### Work instruction
Pictures aside, reproduce exactly and only the lines from the one containing "John Deere 975" through the end of the records.
┌──
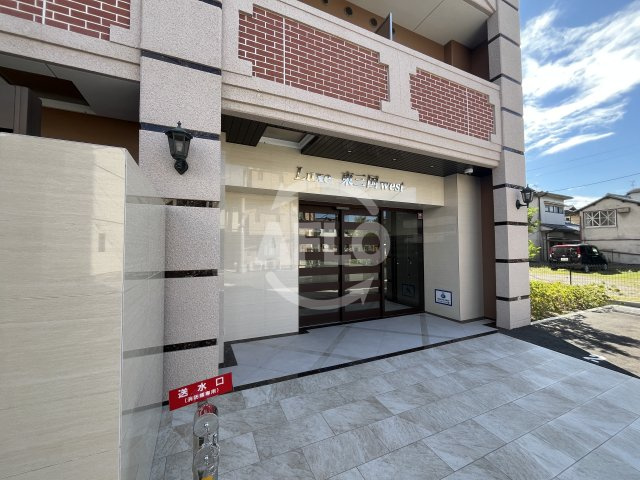 Luxe東三国ウエストのエントランス|Luxe東三国west　エントランス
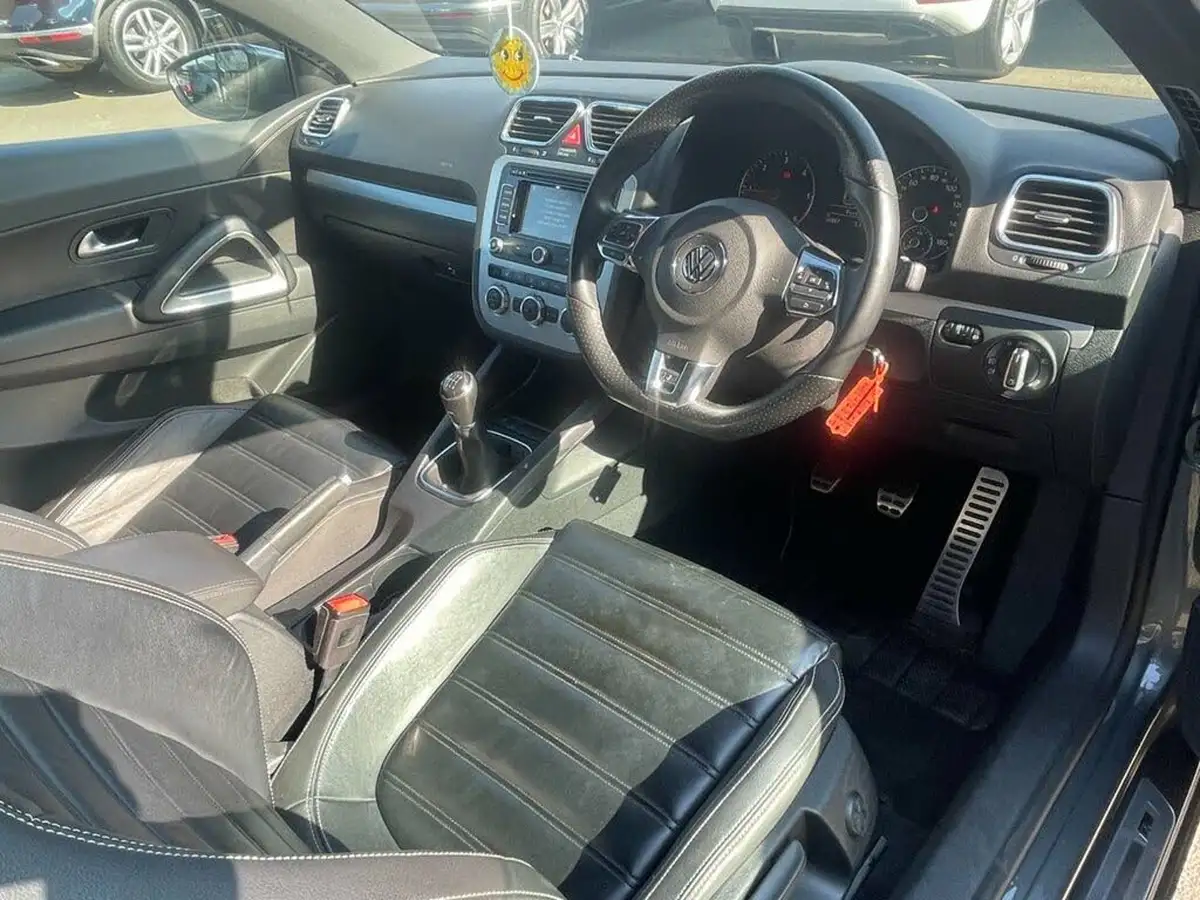 2014-volkswagen-scirocco-20tdi-r-line-big-9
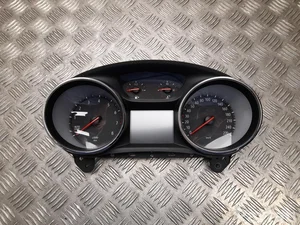 Opel 39085721 ASTRA K 2017 Панель приборов km/h Автоматическая коробка передач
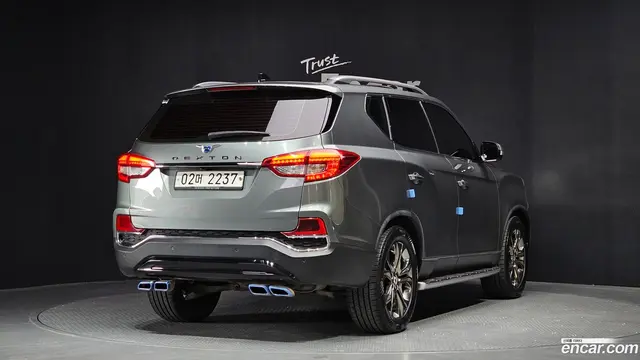 Main__Slider__Photo:Rexton KG Mobility 2017.5-1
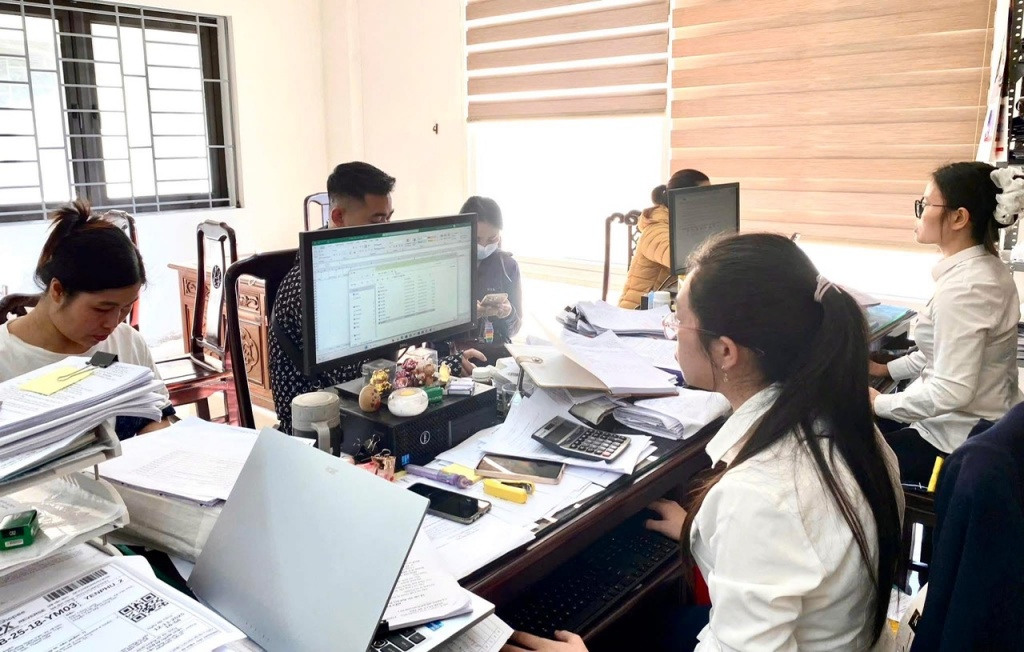 Hướng dẫn xác định thuế thu nhập cá nhân đối với tiền ăn trưa, ăn giữa ca Hướng dẫn xác định thuế thu nhập cá nhân đối với tiền ăn trưa, ăn giữa ca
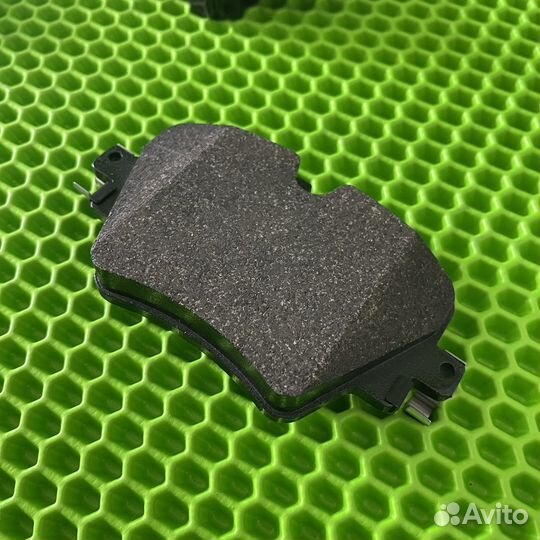 Передние тормозные колодки BMW G20 G30 G01 G02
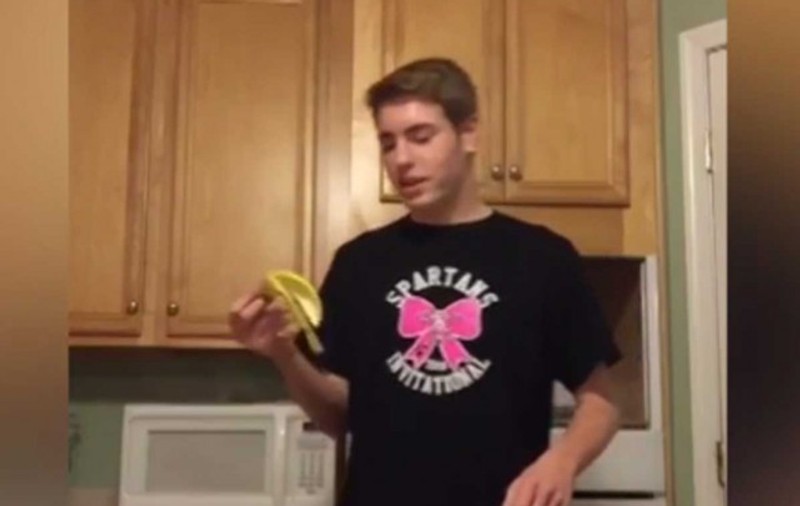 VIDEO / Poți aluneca pe o coajă de banană? Ei au acceptat provocarea și au devenit celebri pe internet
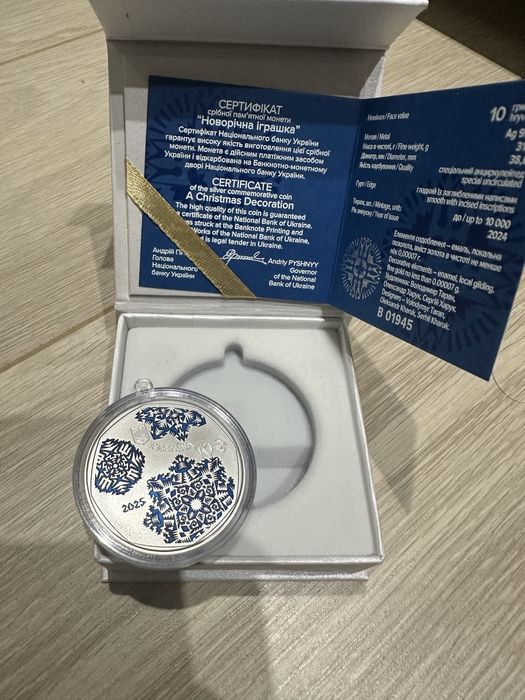 Новорічна іграшка монета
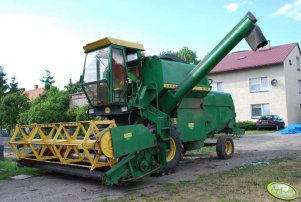 John Deere 975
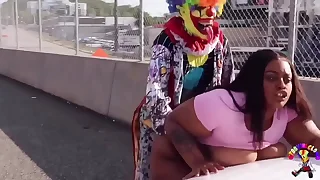Gibby The Clown Fucks Juicy Tee On Atlanta’s Richest Popular Highway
└──
### Solution below
 John Deere 975
Gibby The Clown Fucks Juicy Tee On Atlanta’s Richest Popular Highway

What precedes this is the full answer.